*** Opening of RECORDS PROVIDED ***
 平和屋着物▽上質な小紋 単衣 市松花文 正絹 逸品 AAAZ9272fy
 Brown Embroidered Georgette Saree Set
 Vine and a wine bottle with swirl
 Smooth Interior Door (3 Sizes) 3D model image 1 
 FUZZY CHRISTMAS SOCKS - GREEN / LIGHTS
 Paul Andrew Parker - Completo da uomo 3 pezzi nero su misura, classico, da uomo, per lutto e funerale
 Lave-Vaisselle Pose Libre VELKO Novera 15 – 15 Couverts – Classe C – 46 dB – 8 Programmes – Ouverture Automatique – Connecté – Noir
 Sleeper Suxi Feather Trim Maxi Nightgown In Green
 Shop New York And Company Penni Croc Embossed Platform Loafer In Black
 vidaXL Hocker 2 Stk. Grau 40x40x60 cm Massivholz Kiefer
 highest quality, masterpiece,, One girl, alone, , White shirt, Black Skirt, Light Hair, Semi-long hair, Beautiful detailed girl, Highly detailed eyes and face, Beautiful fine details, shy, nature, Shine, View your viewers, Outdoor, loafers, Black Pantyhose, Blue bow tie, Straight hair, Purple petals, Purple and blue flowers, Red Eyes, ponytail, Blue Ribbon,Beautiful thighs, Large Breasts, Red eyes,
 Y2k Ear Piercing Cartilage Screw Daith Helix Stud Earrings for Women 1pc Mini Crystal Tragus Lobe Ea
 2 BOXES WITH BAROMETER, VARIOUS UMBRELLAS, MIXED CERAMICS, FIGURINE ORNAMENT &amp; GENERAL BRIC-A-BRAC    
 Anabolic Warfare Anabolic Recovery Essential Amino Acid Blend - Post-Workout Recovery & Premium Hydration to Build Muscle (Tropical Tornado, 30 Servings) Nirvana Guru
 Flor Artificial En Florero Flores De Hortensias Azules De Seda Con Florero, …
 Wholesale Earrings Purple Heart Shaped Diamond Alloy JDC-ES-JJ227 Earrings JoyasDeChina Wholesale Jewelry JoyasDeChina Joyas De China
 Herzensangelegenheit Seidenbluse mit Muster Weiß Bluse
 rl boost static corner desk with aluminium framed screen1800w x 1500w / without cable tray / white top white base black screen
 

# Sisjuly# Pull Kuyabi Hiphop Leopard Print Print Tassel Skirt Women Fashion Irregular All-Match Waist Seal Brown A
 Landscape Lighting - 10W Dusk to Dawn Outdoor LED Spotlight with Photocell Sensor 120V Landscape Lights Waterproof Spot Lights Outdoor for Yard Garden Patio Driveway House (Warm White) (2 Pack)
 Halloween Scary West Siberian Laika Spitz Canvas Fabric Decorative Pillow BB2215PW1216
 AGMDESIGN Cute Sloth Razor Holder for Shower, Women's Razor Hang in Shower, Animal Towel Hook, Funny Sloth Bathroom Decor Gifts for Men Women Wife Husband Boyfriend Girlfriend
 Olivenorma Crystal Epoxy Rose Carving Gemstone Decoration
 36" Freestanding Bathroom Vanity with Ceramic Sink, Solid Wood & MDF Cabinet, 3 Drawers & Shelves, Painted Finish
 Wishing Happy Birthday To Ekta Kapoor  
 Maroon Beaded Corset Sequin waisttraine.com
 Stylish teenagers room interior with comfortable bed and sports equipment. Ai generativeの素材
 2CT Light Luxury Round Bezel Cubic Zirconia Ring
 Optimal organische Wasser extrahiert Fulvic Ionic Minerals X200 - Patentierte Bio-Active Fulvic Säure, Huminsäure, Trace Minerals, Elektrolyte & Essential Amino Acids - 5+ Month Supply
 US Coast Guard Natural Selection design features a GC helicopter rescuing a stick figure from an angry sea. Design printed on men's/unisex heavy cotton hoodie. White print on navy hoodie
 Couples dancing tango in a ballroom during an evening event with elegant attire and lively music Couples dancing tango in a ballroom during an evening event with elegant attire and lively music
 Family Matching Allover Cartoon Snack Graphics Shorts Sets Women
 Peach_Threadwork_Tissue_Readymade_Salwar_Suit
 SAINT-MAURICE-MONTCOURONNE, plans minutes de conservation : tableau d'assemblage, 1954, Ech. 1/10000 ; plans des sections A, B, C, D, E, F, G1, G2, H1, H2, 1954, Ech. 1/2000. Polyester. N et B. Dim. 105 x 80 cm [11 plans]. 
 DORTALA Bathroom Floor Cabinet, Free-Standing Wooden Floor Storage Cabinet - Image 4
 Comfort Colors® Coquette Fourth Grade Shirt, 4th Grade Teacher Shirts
*** Close of RECORDS PROVIDED ***
» TASK GOAL: Your response must repeat the entries above exactly, in full.

» PROBLEM SOLUTION:
 平和屋着物▽上質な小紋 単衣 市松花文 正絹 逸品 AAAZ9272fy
 Brown Embroidered Georgette Saree Set
 Vine and a wine bottle with swirl
 Smooth Interior Door (3 Sizes) 3D model image 1 
 FUZZY CHRISTMAS SOCKS - GREEN / LIGHTS
 Paul Andrew Parker - Completo da uomo 3 pezzi nero su misura, classico, da uomo, per lutto e funerale
 Lave-Vaisselle Pose Libre VELKO Novera 15 – 15 Couverts – Classe C – 46 dB – 8 Programmes – Ouverture Automatique – Connecté – Noir
 Sleeper Suxi Feather Trim Maxi Nightgown In Green
 Shop New York And Company Penni Croc Embossed Platform Loafer In Black
 vidaXL Hocker 2 Stk. Grau 40x40x60 cm Massivholz Kiefer
 highest quality, masterpiece,, One girl, alone, , White shirt, Black Skirt, Light Hair, Semi-long hair, Beautiful detailed girl, Highly detailed eyes and face, Beautiful fine details, shy, nature, Shine, View your viewers, Outdoor, loafers, Black Pantyhose, Blue bow tie, Straight hair, Purple petals, Purple and blue flowers, Red Eyes, ponytail, Blue Ribbon,Beautiful thighs, Large Breasts, Red eyes,
 Y2k Ear Piercing Cartilage Screw Daith Helix Stud Earrings for Women 1pc Mini Crystal Tragus Lobe Ea
 2 BOXES WITH BAROMETER, VARIOUS UMBRELLAS, MIXED CERAMICS, FIGURINE ORNAMENT &amp; GENERAL BRIC-A-BRAC    
 Anabolic Warfare Anabolic Recovery Essential Amino Acid Blend - Post-Workout Recovery & Premium Hydration to Build Muscle (Tropical Tornado, 30 Servings) Nirvana Guru
 Flor Artificial En Florero Flores De Hortensias Azules De Seda Con Florero, …
 Wholesale Earrings Purple Heart Shaped Diamond Alloy JDC-ES-JJ227 Earrings JoyasDeChina Wholesale Jewelry JoyasDeChina Joyas De China
 Herzensangelegenheit Seidenbluse mit Muster Weiß Bluse
 rl boost static corner desk with aluminium framed screen1800w x 1500w / without cable tray / white top white base black screen
 

# Sisjuly# Pull Kuyabi Hiphop Leopard Print Print Tassel Skirt Women Fashion Irregular All-Match Waist Seal Brown A
 Landscape Lighting - 10W Dusk to Dawn Outdoor LED Spotlight with Photocell Sensor 120V Landscape Lights Waterproof Spot Lights Outdoor for Yard Garden Patio Driveway House (Warm White) (2 Pack)
 Halloween Scary West Siberian Laika Spitz Canvas Fabric Decorative Pillow BB2215PW1216
 AGMDESIGN Cute Sloth Razor Holder for Shower, Women's Razor Hang in Shower, Animal Towel Hook, Funny Sloth Bathroom Decor Gifts for Men Women Wife Husband Boyfriend Girlfriend
 Olivenorma Crystal Epoxy Rose Carving Gemstone Decoration
 36" Freestanding Bathroom Vanity with Ceramic Sink, Solid Wood & MDF Cabinet, 3 Drawers & Shelves, Painted Finish
 Wishing Happy Birthday To Ekta Kapoor  
 Maroon Beaded Corset Sequin waisttraine.com
 Stylish teenagers room interior with comfortable bed and sports equipment. Ai generativeの素材
 2CT Light Luxury Round Bezel Cubic Zirconia Ring
 Optimal organische Wasser extrahiert Fulvic Ionic Minerals X200 - Patentierte Bio-Active Fulvic Säure, Huminsäure, Trace Minerals, Elektrolyte & Essential Amino Acids - 5+ Month Supply
 US Coast Guard Natural Selection design features a GC helicopter rescuing a stick figure from an angry sea. Design printed on men's/unisex heavy cotton hoodie. White print on navy hoodie
 Couples dancing tango in a ballroom during an evening event with elegant attire and lively music Couples dancing tango in a ballroom during an evening event with elegant attire and lively music
 Family Matching Allover Cartoon Snack Graphics Shorts Sets Women
 Peach_Threadwork_Tissue_Readymade_Salwar_Suit
 SAINT-MAURICE-MONTCOURONNE, plans minutes de conservation : tableau d'assemblage, 1954, Ech. 1/10000 ; plans des sections A, B, C, D, E, F, G1, G2, H1, H2, 1954, Ech. 1/2000. Polyester. N et B. Dim. 105 x 80 cm [11 plans]. 
 DORTALA Bathroom Floor Cabinet, Free-Standing Wooden Floor Storage Cabinet - Image 4
 Comfort Colors® Coquette Fourth Grade Shirt, 4th Grade Teacher Shirts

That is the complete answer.